Railway station in Yurihonjō, Akita Prefecture, Japan

Maegō Station (前郷駅, Maegō-eki) is a railway station in the city of Yurihonjō, Akita Prefecture, Japan, operated by the third-sector railway operator Yuri Kōgen Railway.

==Lines==
Maegō Station is served by the Chōkai Sanroku Line, and is located 11.7 kilometers from the terminus of the line at Ugo-Honjō Station.

==Station layout==
The station has two opposed side platforms.
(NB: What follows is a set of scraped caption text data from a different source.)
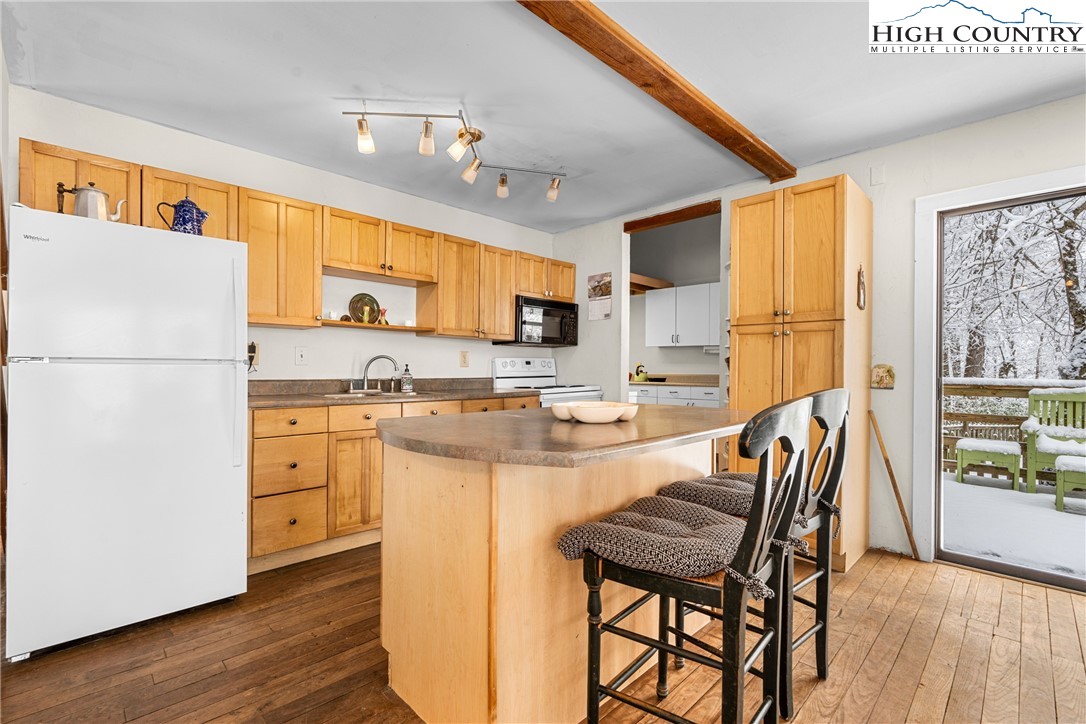 1355 Pine Run Road Boone, NC 28607 - Photo 9 of 37 a kitchen with a refrigerator a stove a sink and white cabinets with wooden floor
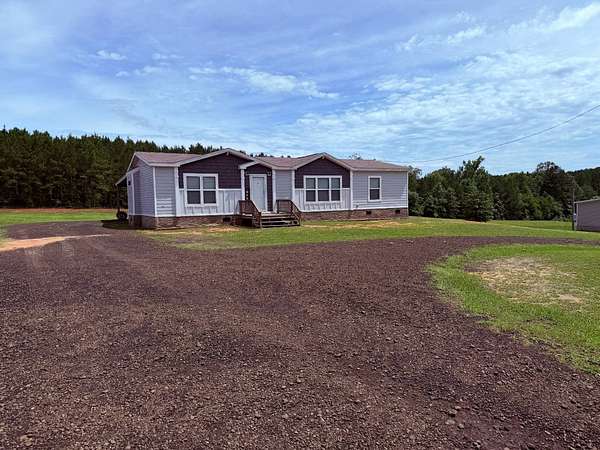 1.52 Acres of Land with Home for Sale in Many, Louisiana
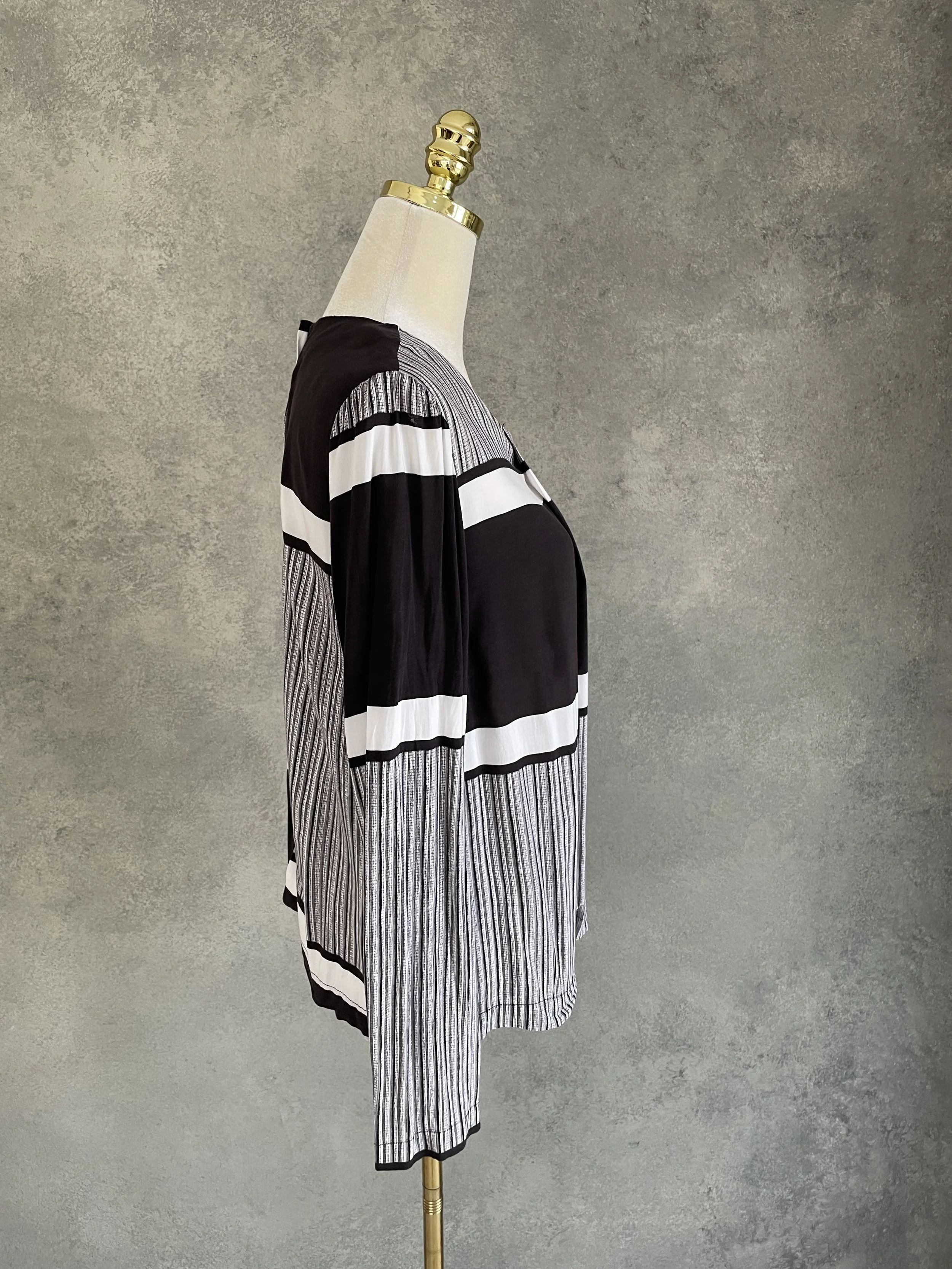 Side view of the Rodebjer graphic black and white long-sleeved blouse, highlighting the mixed panel construction.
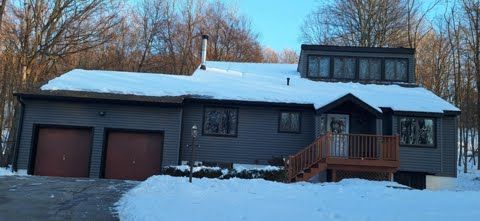 A house with a lot of snow on the roof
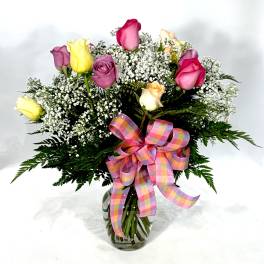 Bouquet of multicolored roses with baby's breath in a glass vase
The station is unattended.

===Platforms===

| 1 | ■ Chōkai Sanroku Line | for Ugo-Honjō |
| 2 | ■ Chōkai Sanroku Line | for Yashima |

==Adjacent stations==

| « |  | Service | » |  |
Yuri Kōgen Railway Chōkai Sanroku Line
| Magarisawa |  | Local | Kubota |  |

==History==
Maegō Station opened on August 1, 1922, as a station on the Yokojō Railway, which became the Japanese Government Railways (JGR) Yashima Line on September 1, 1937. The line was extended past Maegō to Nishitakizawa Station in December of the same year. The JGR became the Japan National Railway (JNR) after World War II. The Yashima Line was privatized on 1 October 1985, becoming the Yuri Kōgen Railway Chōkai Sanroku Line. A new station building was completed in December 2003.